Problem to work on
In the listing below, locate the line with "Valentino Garavani Grained" and the line with "Afralia™ Stainless Steel", then output both and everything between them exactly, minus any pictures.

Information supplied

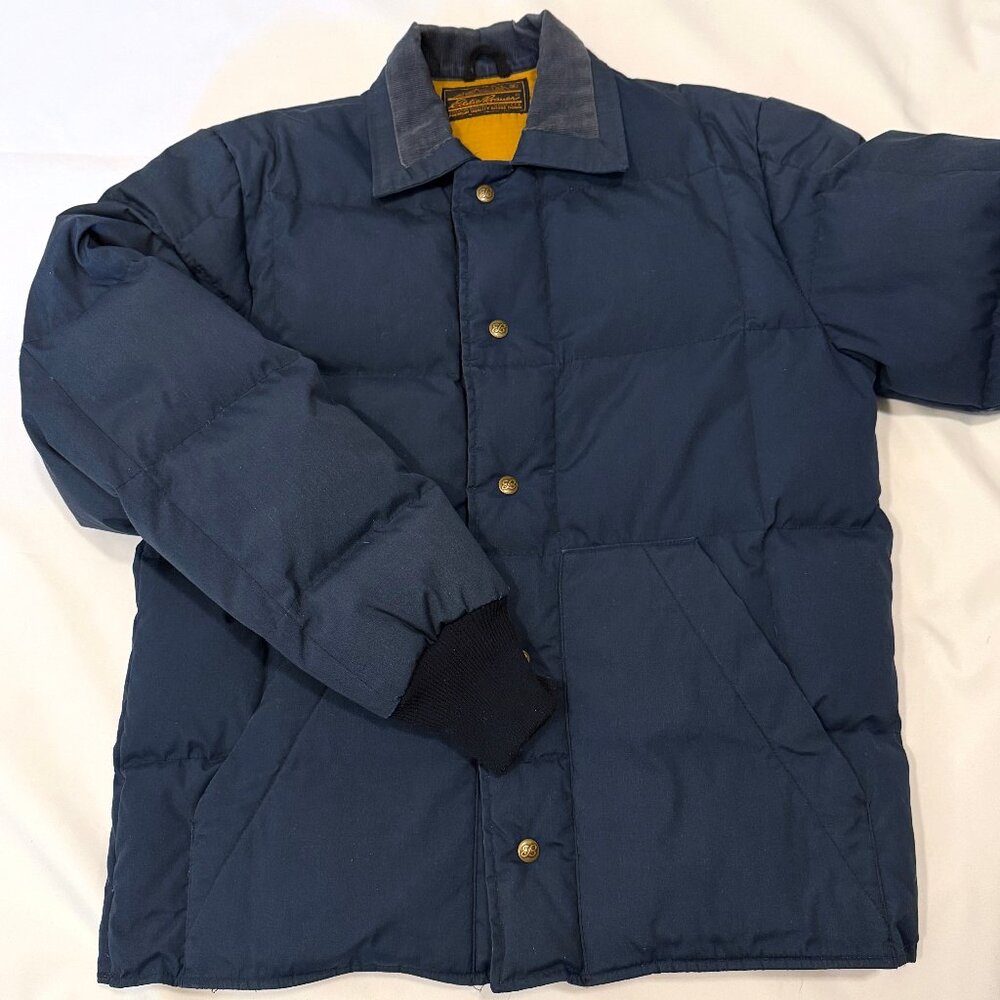 Vintage Eddie Bauer Goose Down Quilted Navy Blue Button Up Medium Coat EUC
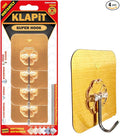 KLAPiT Super Hook - Heavy-Duty Adhesive Gold Wall Hooks, Holds Up to 11 lbs, Waterproof, No Damage, Easy Install on Tile, Wood, Stone, Glass & Metal - Made of Steel (Gold, 4pc)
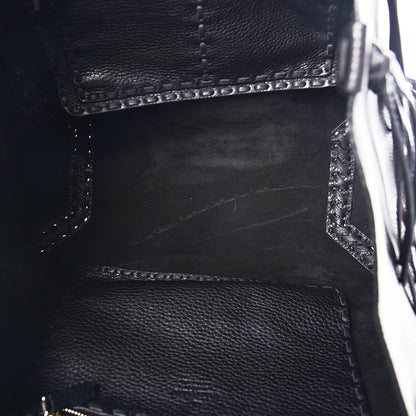 Valentino Garavani Grained Calfskin C-Rockee Fringe Tote Black 7 of 10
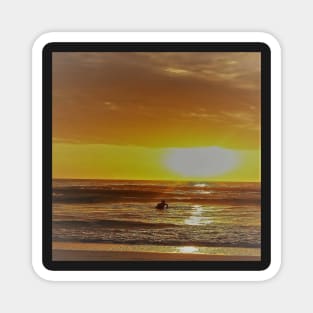 Surfer Watching Sunrise On Cocoa Beach, FL Magnet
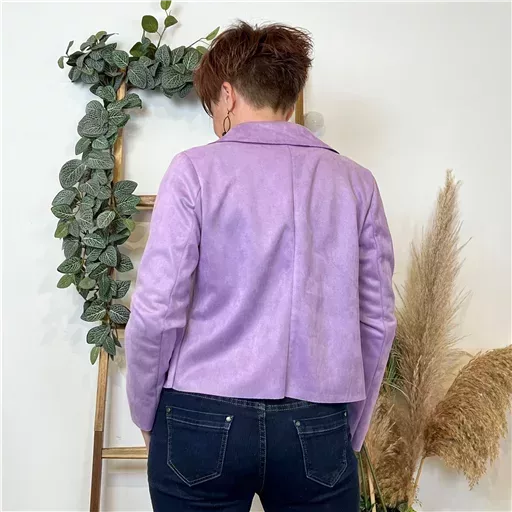 L549- Veste suédine à poches (Tu) 🇮🇹 (lilas) – Image 4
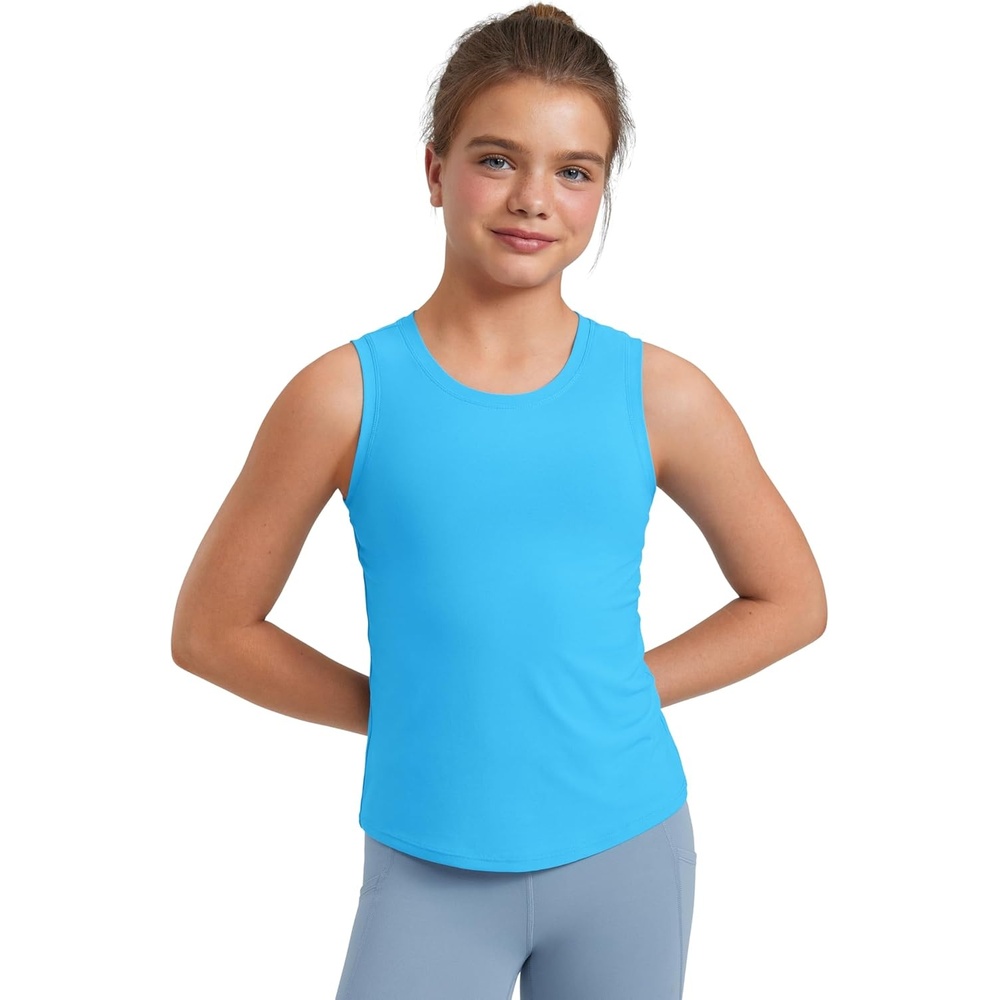 image:imageCRZ YOGA Girls Cloudweight Athletic Tank Tops Hip Length Active Dance Casual Crew Neck Sleeveless Kids TeenKayak Blue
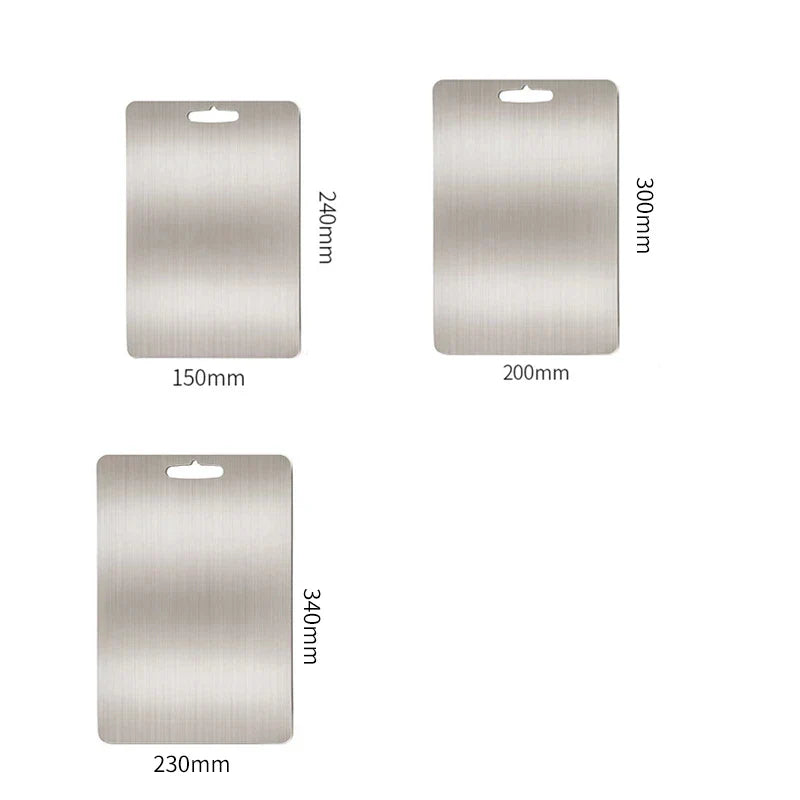 Afralia™ Stainless Steel Chopping Block Cutting Board effective for fruits, vegetables, and meat.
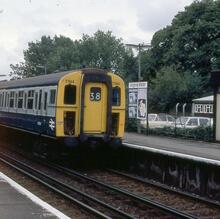 BR EMU Class 423 4VEP unit 7744 . . Virginia Water 10 September 1983. (Ref: 017200)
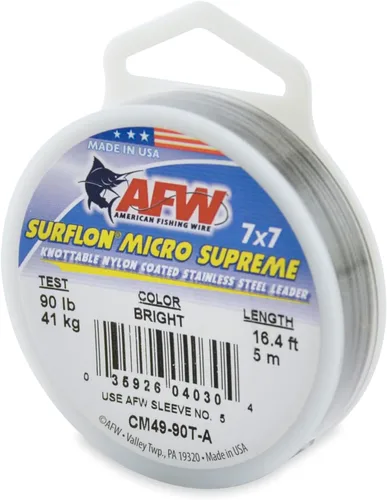 Miniatura 13 de American Fishing Wire Surflon Micro Supreme Nylon recubierto 7x7 de acero inoxidable, líder en alambres anudables para pesca en agua salada, pesca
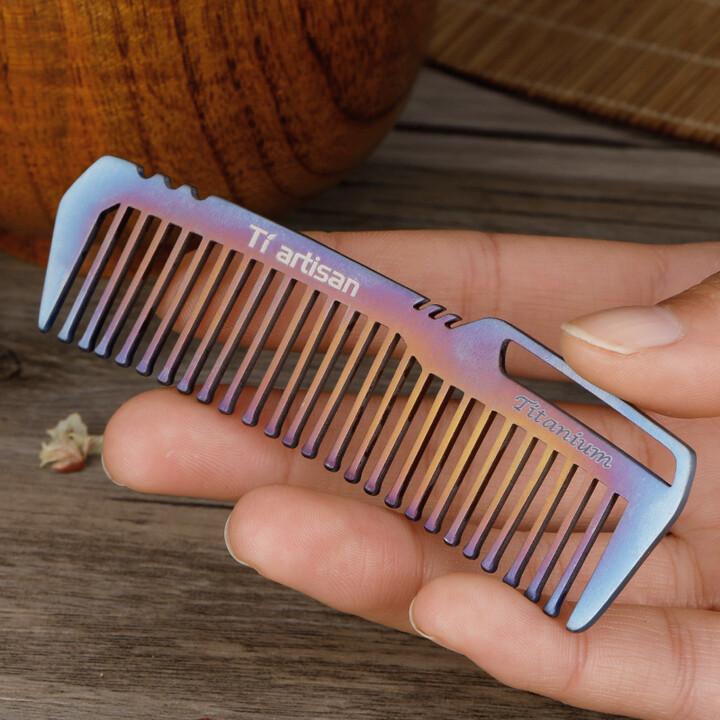 Ti artisan家用户外纯钛梳子随身便携轻巧高颜值坚固健康定制送礼抛光炫彩 钛梳子炫彩款【收纳盒颜色随机】
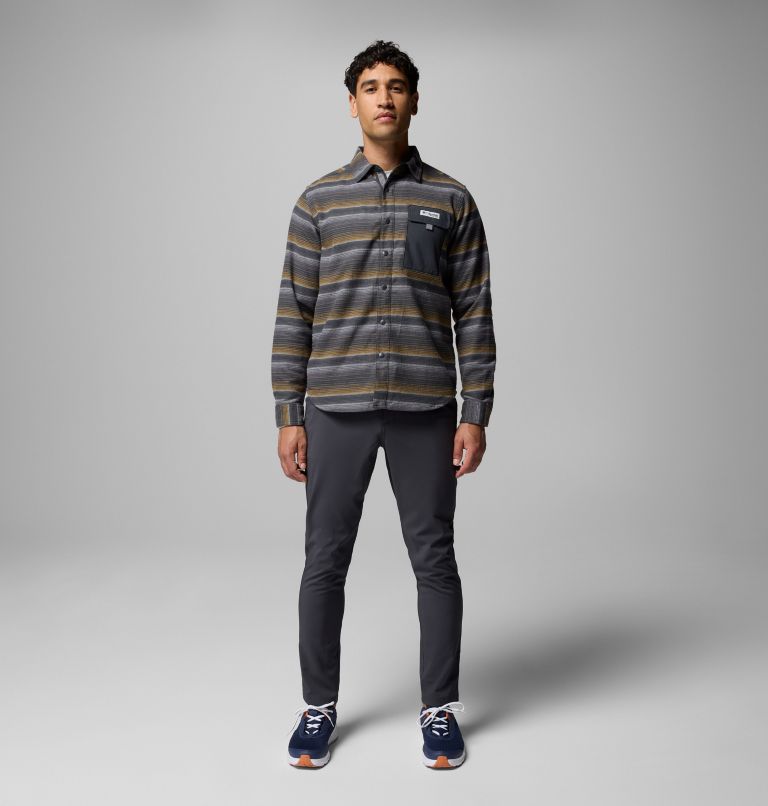 Men's PFG Uncharted Overshirt, Color: Shark Twilights Stripe, image 9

Solution to the exercise
 Valentino Garavani Grained Calfskin C-Rockee Fringe Tote Black 7 of 10
 Surfer Watching Sunrise On Cocoa Beach, FL Magnet
 L549- Veste suédine à poches (Tu) 🇮🇹 (lilas) – Image 4
 image:imageCRZ YOGA Girls Cloudweight Athletic Tank Tops Hip Length Active Dance Casual Crew Neck Sleeveless Kids TeenKayak Blue
 Afralia™ Stainless Steel Chopping Block Cutting Board effective for fruits, vegetables, and meat.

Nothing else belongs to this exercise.